THE WINNER of this year's Turner Prize is Simon Starling, a Glasgow-based artist whose imaginative installations will dispel accusations by critics that Britain's most well-known and controversial art prize was becoming "boringly mainstream".
Starling, 38, a graduate of Glasgow School of Art, was awarded the 25,000 prize during a live Channel 4 programme from the Tate Britain in London last night. He beat the favourite, Gillian Carnegie, tipped to win with her series of "bare bum paintings".
Starling's success may herald a return to the exuberance of the days of Damien Hirst or Grayson Perry, both of whom managed to shock the jaded palate of the contemporary art scene.
The Turner Prize, which began in 1984, is the most sought-after accolade awarded to a British artist aged under 50 for "an outstanding exhibition or other presentation of their work".
Starling, shortlisted for his exhibitions at the Modern Institute, Glasgow, and the Fundaci Joan Mir, Barcelona, is renowned for taking a solid everyday object and transforming it through a rigorous physical process.
His Tabernas Desert Run 2004, showcased at the Glasgow gallery last year and which forms part of his Turner Prize portfolio, features an improvised hydrogen-fuelled bicycle on which he crossed the Spanish desert, and the botanical watercolour of a cactus he painted using the bike's by-product, water.
The artist, who lives in Woodlands, Glasgow, with his wife and son, was born in Epsom, Surrey, and graduated from Glasgow School of Art in 1992. He also works in Berlin.
Also on display in his installation room at Tate Britain is Shedboatshed, which captured the public's imagination when a selection of Turner Prize exhibits were put on show outside the gallery for the first time. For this work, he dismantled an old boat-shed, transformed it into a boat which he paddled down the Rhine, then put it back together again as the original shed.
Last night, Starling said he was "a bit flabbergasted" to win.
He said of his artwork: "I don't like to be thought of as eccentric because that's not what my work is about. It's a serious business on many levels."
Being nominated for the Turner Prize has won him many new fans, he revealed. "I had a fantastic little poem from an elderly woman in St Albans about sheds. That's the thing about the Turner Prize - you have 80,000 people looking at your work. People engage with it and enjoy it, and that's special."
Starling said his work was all about anti-globalisation. But asked if he had any qualms about accepting a 25,000 cheque from the art establishment, he replied: "Absolutely not, no."
Explaining what Shedboatshed means, Starling said: "It's a bit of mobile architecture. It's an attempt to make an artwork which is very ergonomic and easy on the environment. It's a very simple idea."
The artist also revealed plans for his next major project: throwing a replica Henry Moore sculpture into Lake Ontario. He said: "Zebra mussels have been introduced into the lake and they are taking over and transforming the eco- system.
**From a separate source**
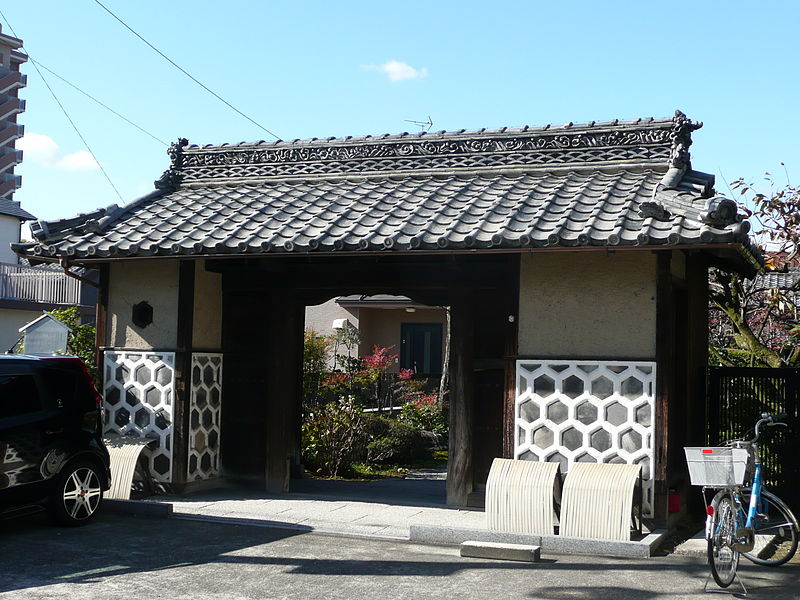 File:Koori castle nakamon.JPG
There is a Henry Moore sculpture in Toronto called Warrior With A Shield so I thought it would be nice to throw it into the lake, leave it for six months, grow lots of mussels on it, then hang it in a gallery."
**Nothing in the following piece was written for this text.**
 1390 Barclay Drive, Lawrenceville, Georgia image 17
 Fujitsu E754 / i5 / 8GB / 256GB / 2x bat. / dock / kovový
The judges said they had admired Starling's unique ability to create poetic narratives which drew together a range of cultural, political and historical references. They also stressed the strength of the exhibition at Tate Britain and their admiration for the outstanding presentations produced by all four artists.
The other three shortlisted artists - Carnegie, Jim Lambie, from Glasgow, and Darren Almond - each received 5,000. This year's prize fund was 40,000 supported by Gordon's gin.
Lambie, 41, presented a range of work which included three sculptures and the transformation of a floor at Tate Britain using vinyl tape.
Almond, 34, is famed for his photography and film installations, and his work for the Turner included a four-screen video installation.
The Scottish culture minister, Patricia Ferguson, welcomed Starling's success. "I am delighted that Simon Starling has been awarded the Turner Prize, one of the most prestigious in the world," she said.
She said the fact that two artists based in Scotland were on the shortlist and that one had won was a "reflection of the vibrant nature of Scotland's artistic community", whose artists were at the forefront of arts innovation in the UK.
However, not all in the Scottish art world are enthusiastic. In June, Julian Spalding, former director of Glasgow Museums and Art Galleries, criticised the efforts of the Turner Prize shortlist and said he was not alone in hoping the competition was running out of steam.